3. The attempt at a solution
I first determined the starting height of the pendulum using the pythagorean theorem through sin15=y/.95 y=.2459 m .95-.2495m=.704 m above the x axis (where the pendulum would be vertical).

I tried mgh (with h being .704m)=.5mv^2
v=3.715 m/s

Ke just before collision: .5 mv^2 (small ball) + 0 = .5 mv'^2 (small ball) + .5 mv'^2 (big ball)
I found the KE just before the collision to be 0.138 J, which is the left side of the above equation.

The PE just before the collision is zero, and the PE when the balls reach their maximum height is mgh (small ball) + mgh (big ball) = 0.138 J (KE just before collision)

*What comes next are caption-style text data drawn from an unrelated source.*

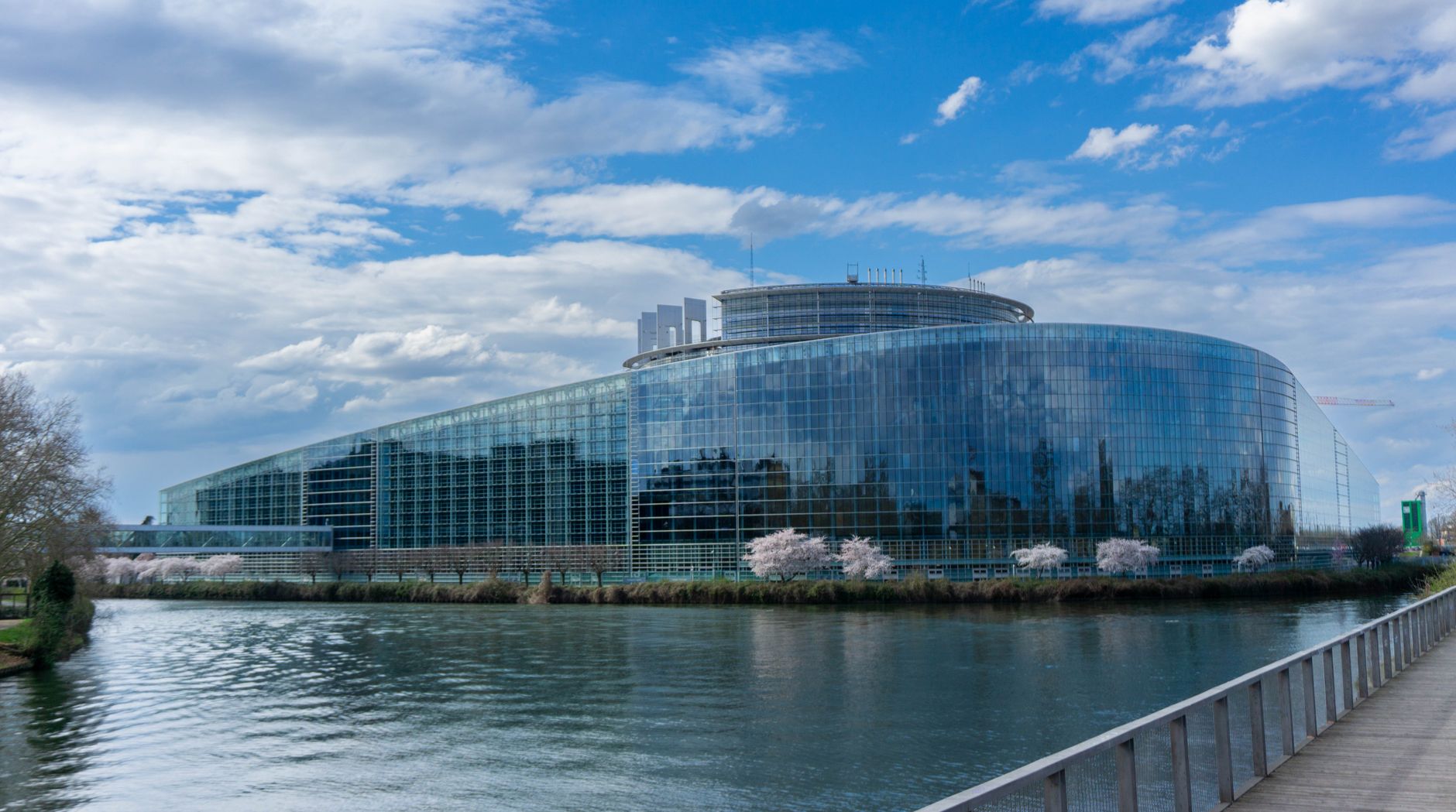 European Parliament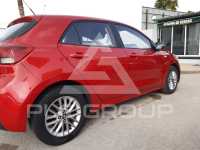 2022 KIA Rio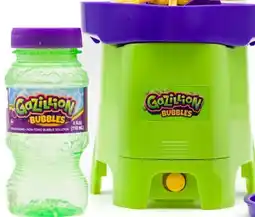 Toys R us Gazillion Bubbles Tiny Typhoon offer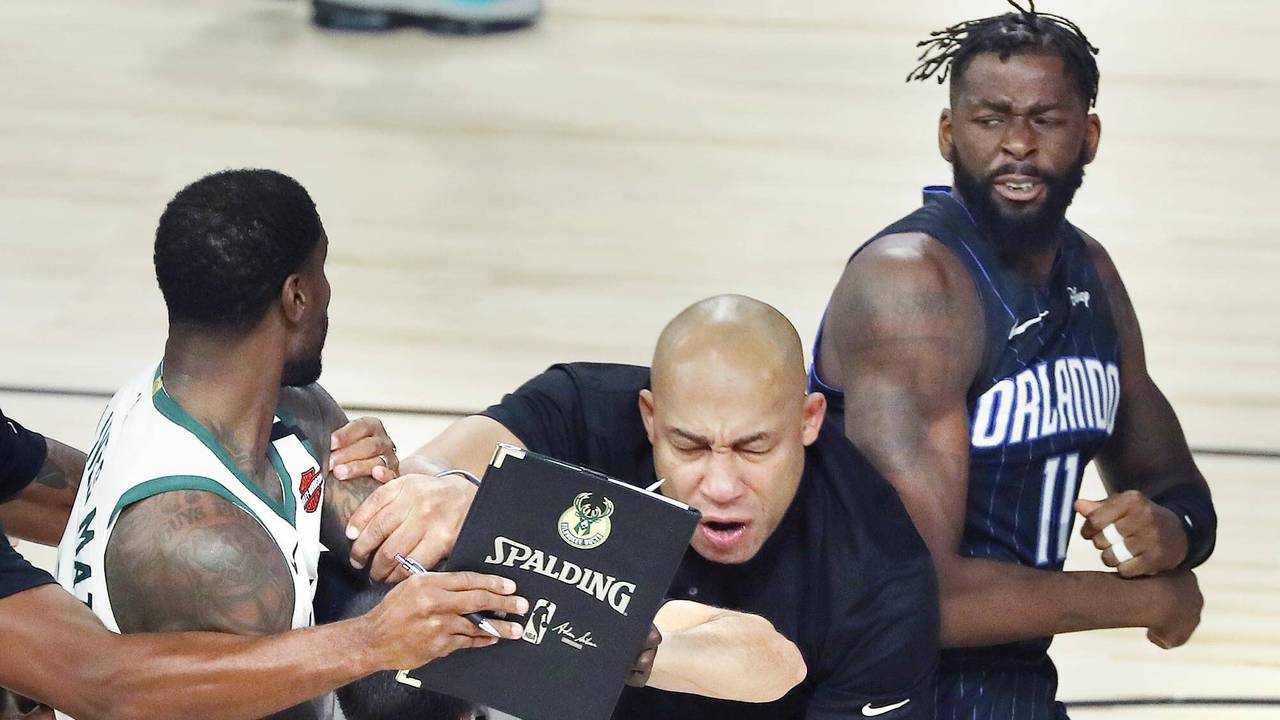 NBA-Champion verlässt L.A. Sparks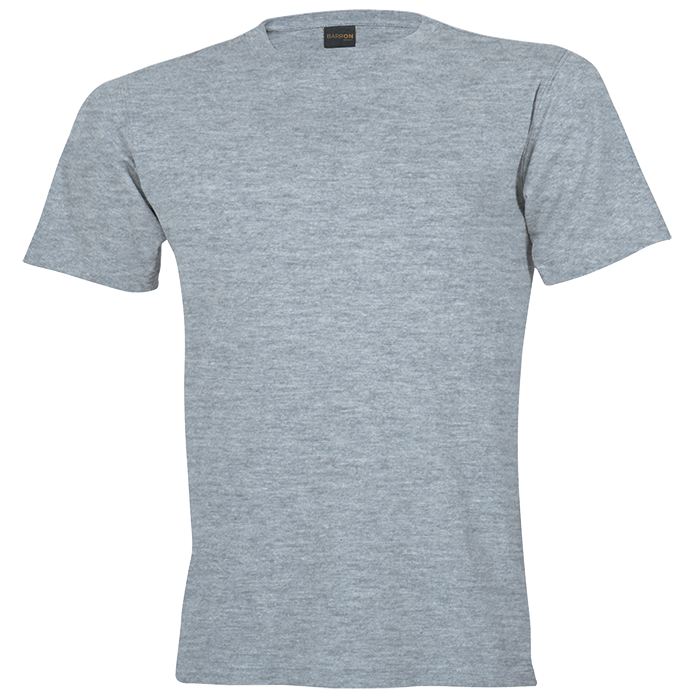 Crew Neck T-Shirt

Does it look like I'm on the right track? I'm not sure how to proceed - once I find out the final velocities of each ball (and I have no idea how to do that right now) will I then use kinematic equations to figure out how long until they reach their peak height and then find out how high that will allow them to go? Any help would be greatly appreciated!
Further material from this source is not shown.